[Image-caption web data]:
-------
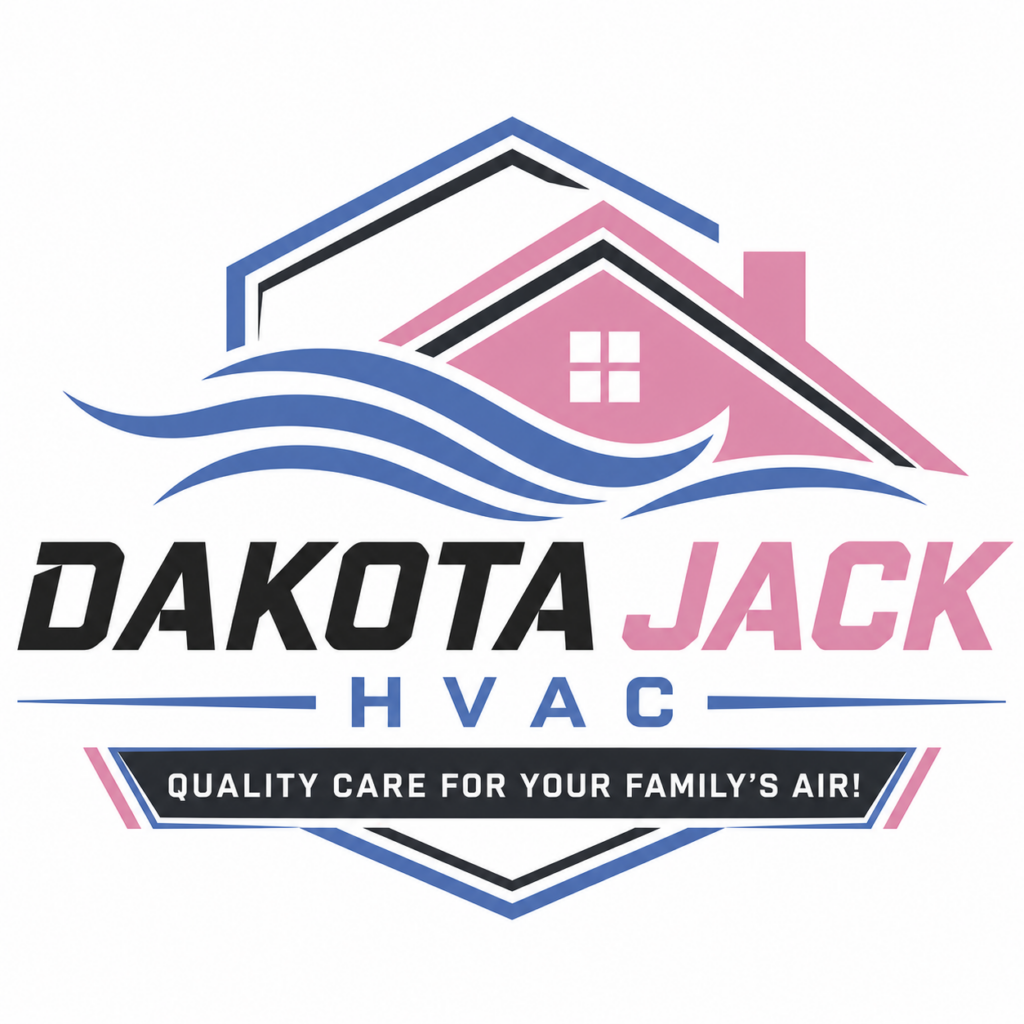 Dakota Jack HVAC Quality Care for your Family's Air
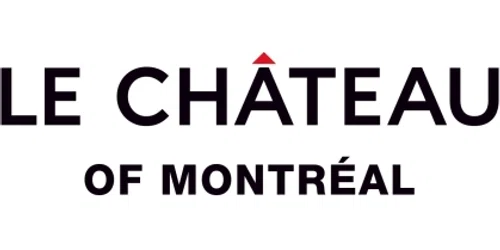 Le Chateau Merchant logo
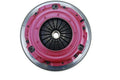 FORCE 10.5 DUAL DISC ORGANIC CHEVROLET PRE86 SB/BB 0 BALANCE 1 1/810 SPLINE 15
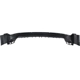Purchase Top-Quality Front Bumper Cover Upper - CH1014103C Capa Certified pa9
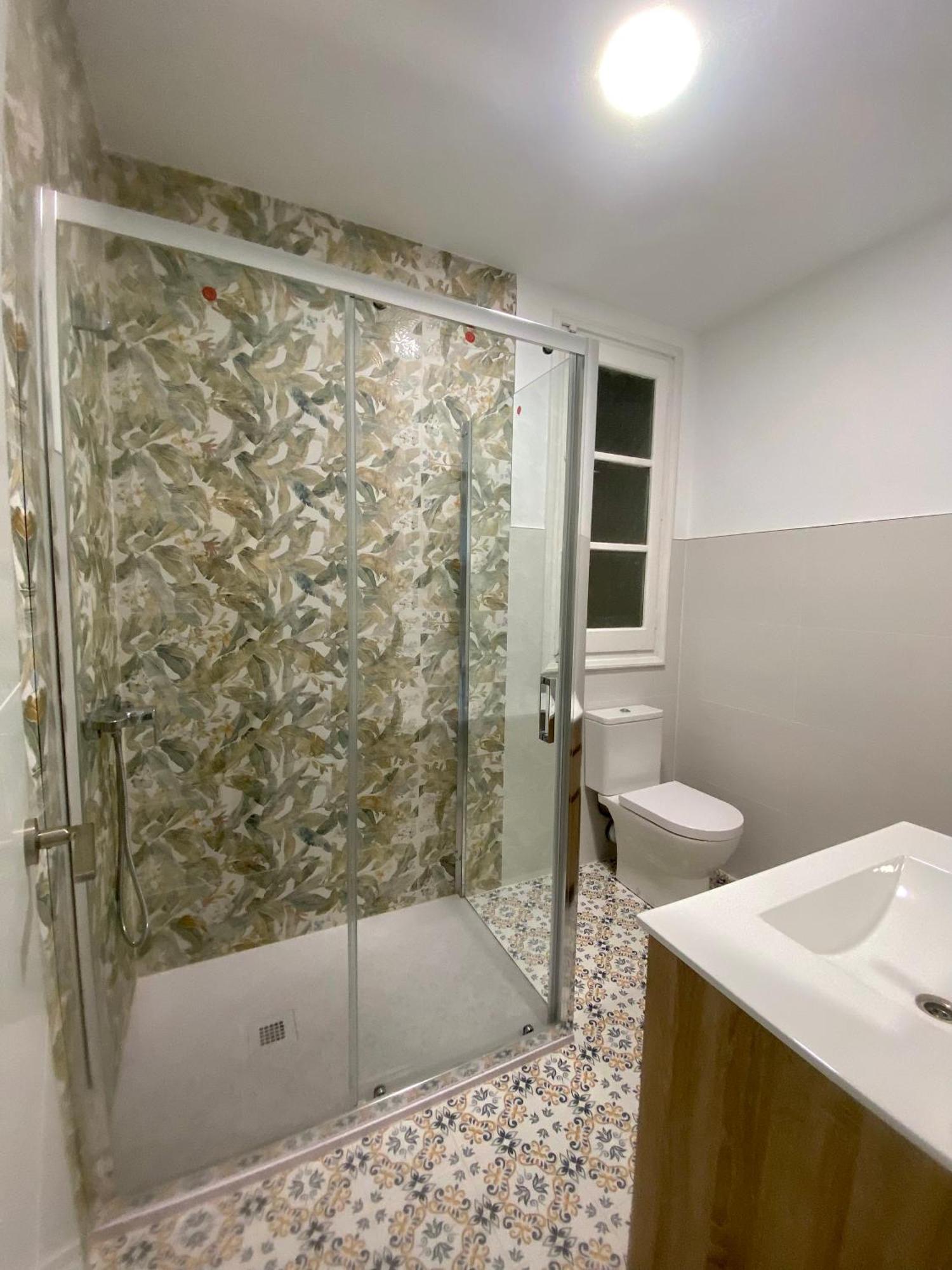 Central Rooms Valencia Downtown - Bruno Apartments Coliving Exterior foto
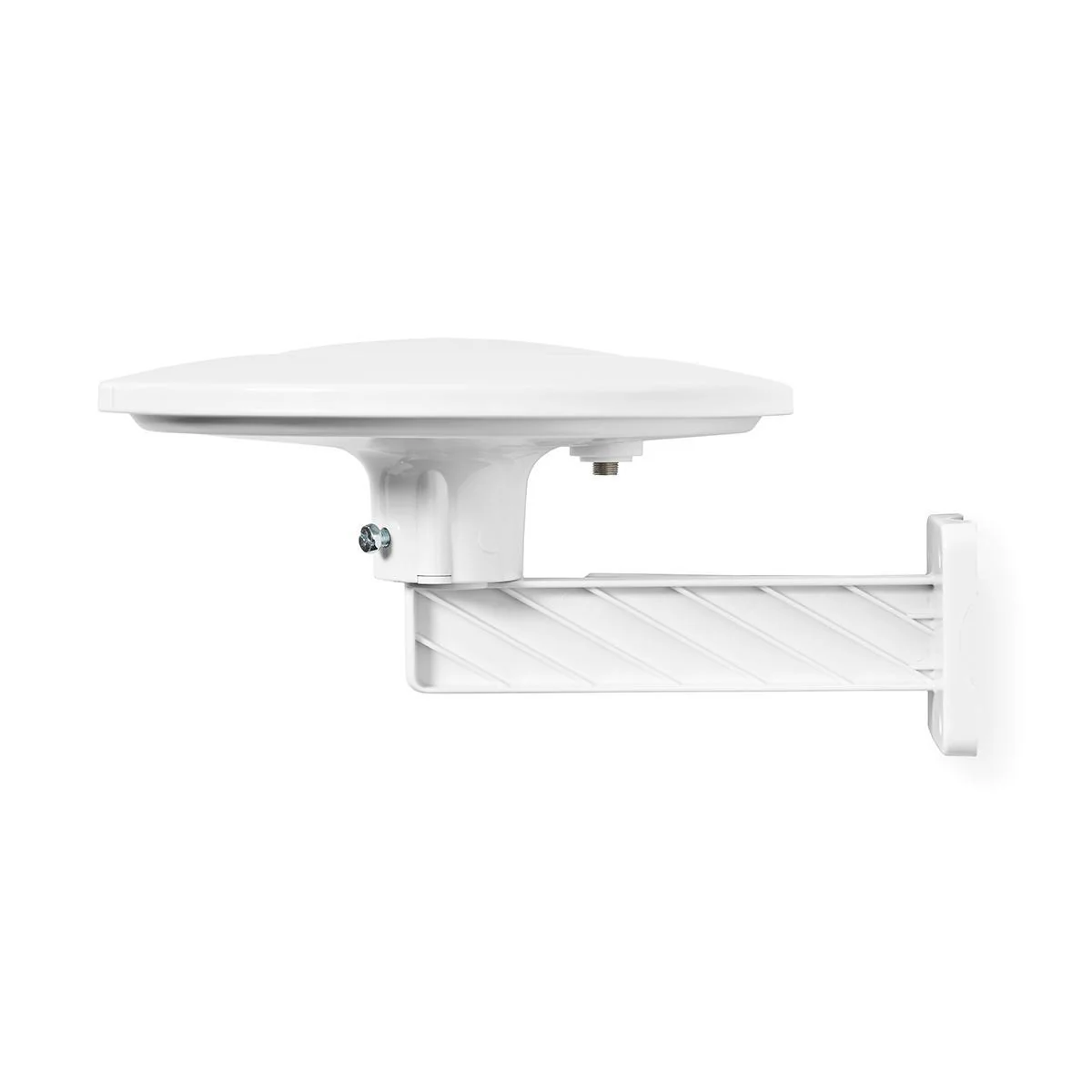 HDTV-Buitenantenne Actief - Type Aansluiting: F-Connector - FM / UHF / VHF - Image 4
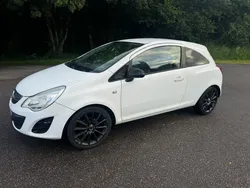 Opel Corsa D 1.3 cdti 95 cv ecoflex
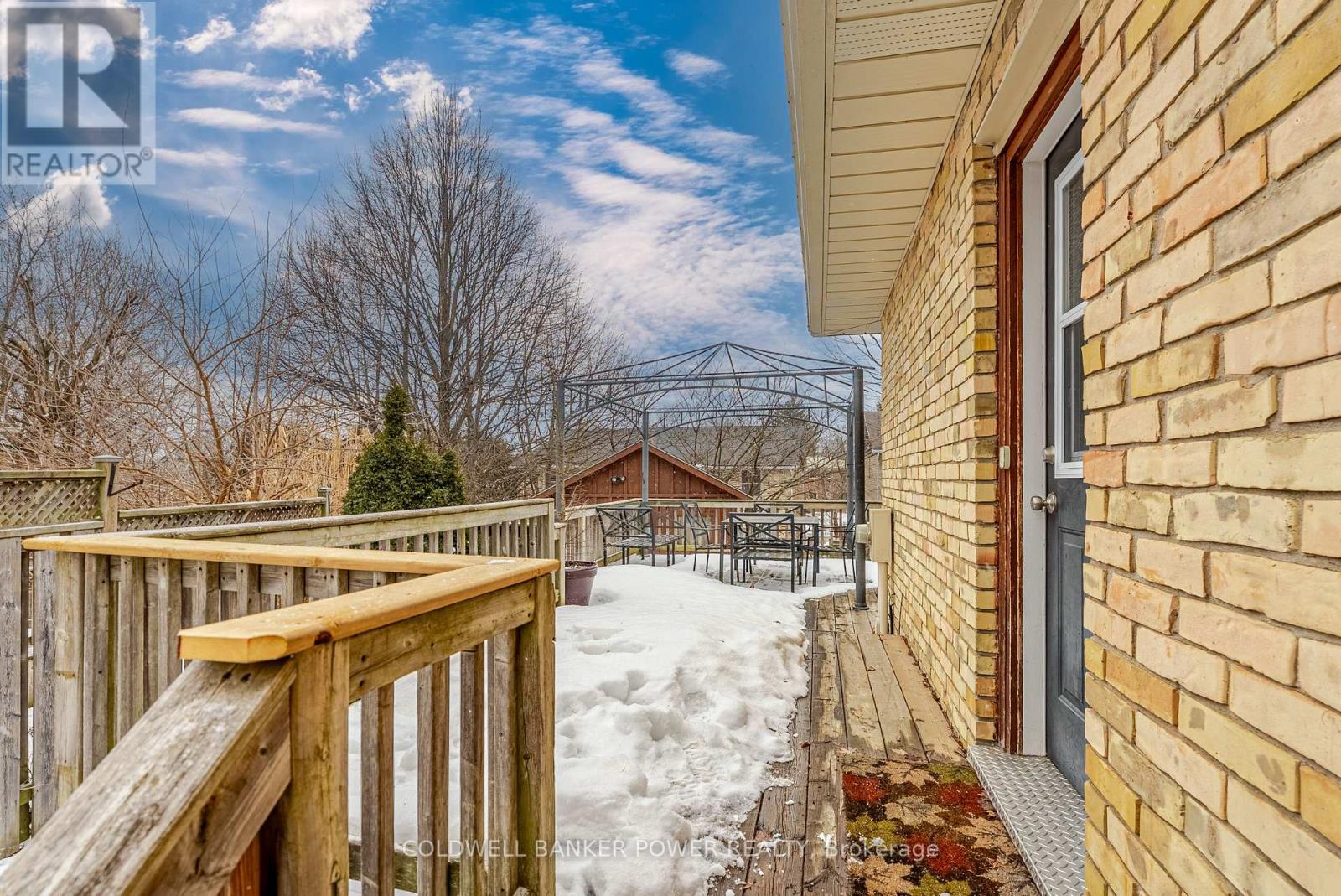 31 Key Hill Road, London North, Ontario  N6G 2G2 - Photo 29 - X12816328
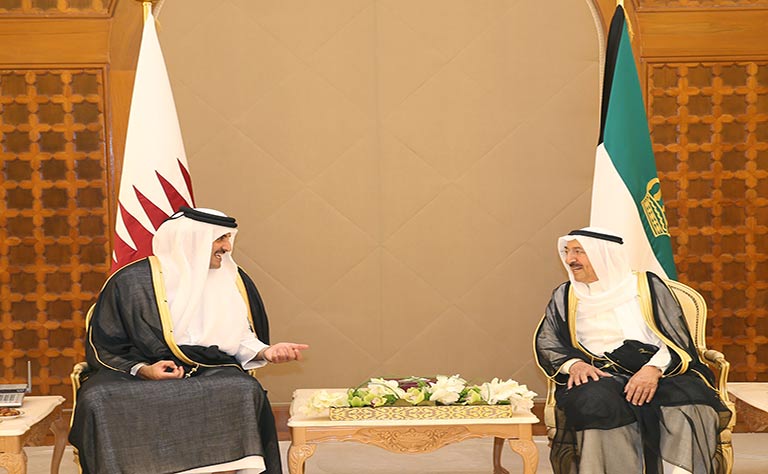 Qatar News Agency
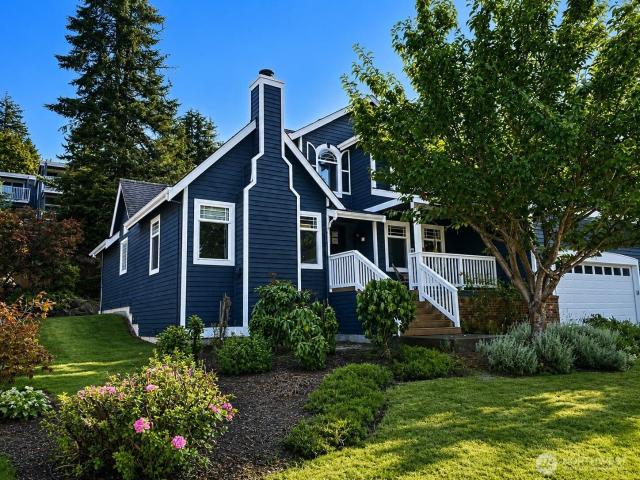 House for rent in Kirkland, Washington
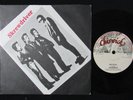 SCREWDRIVER Antisocial/19th Nervous Breakdown 7” 1977 CHISWICK Punk Oi KBD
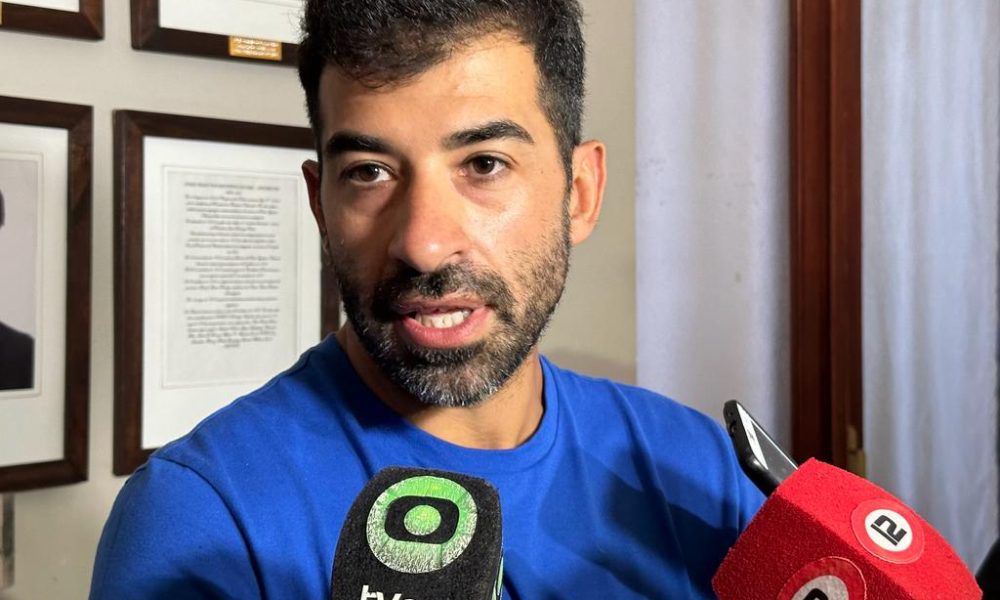 El municipio de Trelew convoca a Jornada Informativa para pymes y comerciantes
-------
[ABOUT THIS TASK]: Transcribe all entries above exactly. Omit the pictures.

[RESULT]:
 Dakota Jack HVAC Quality Care for your Family's Air
 Le Chateau Merchant logo
 FORCE 10.5 DUAL DISC ORGANIC CHEVROLET PRE86 SB/BB 0 BALANCE 1 1/810 SPLINE 15
Purchase Top-Quality Front Bumper Cover Upper - CH1014103C Capa Certified pa9
 Central Rooms Valencia Downtown - Bruno Apartments Coliving Exterior foto
 HDTV-Buitenantenne Actief - Type Aansluiting: F-Connector - FM / UHF / VHF - Image 4
 Opel Corsa D 1.3 cdti 95 cv ecoflex
 31 Key Hill Road, London North, Ontario  N6G 2G2 - Photo 29 - X12816328
 Qatar News Agency
 House for rent in Kirkland, Washington
 SCREWDRIVER Antisocial/19th Nervous Breakdown 7” 1977 CHISWICK Punk Oi KBD
 El municipio de Trelew convoca a Jornada Informativa para pymes y comerciantes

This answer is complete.